◆ What the task asks ◆
Any picture in the listing is left out of the copy; all else is duplicated exactly.

◆ The data ◆
===============

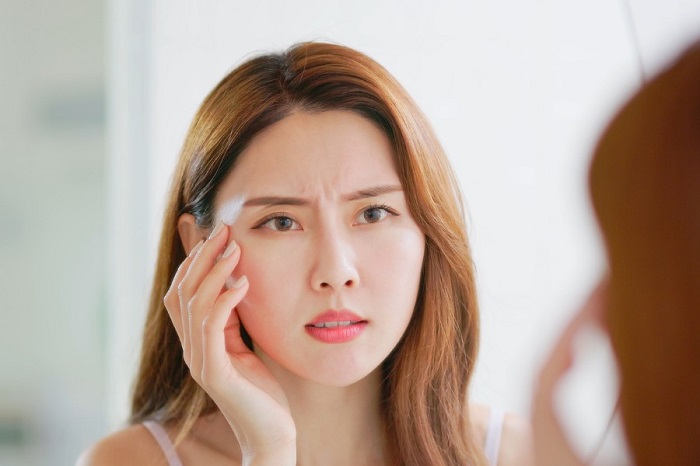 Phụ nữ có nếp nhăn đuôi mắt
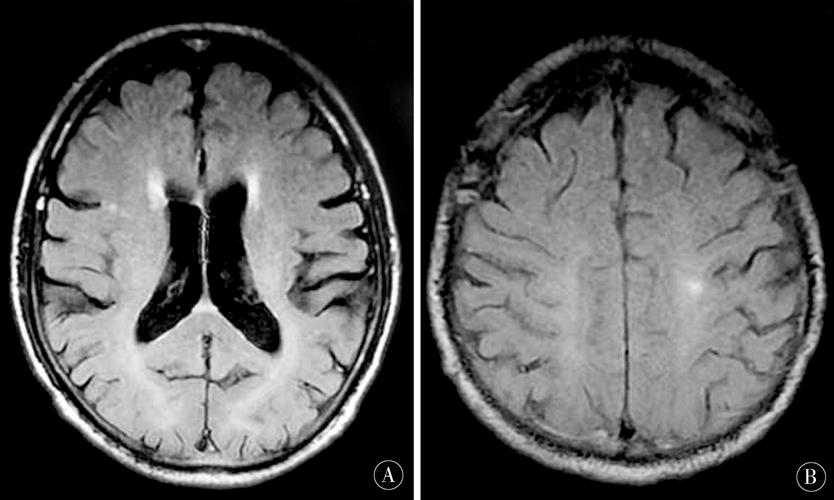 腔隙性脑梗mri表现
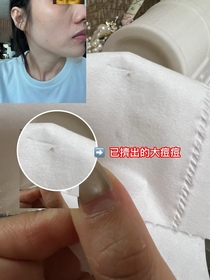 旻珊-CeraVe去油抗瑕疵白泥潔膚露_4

===============

◆ Written response ◆
 Phụ nữ có nếp nhăn đuôi mắt
 腔隙性脑梗mri表现
 旻珊-CeraVe去油抗瑕疵白泥潔膚露_4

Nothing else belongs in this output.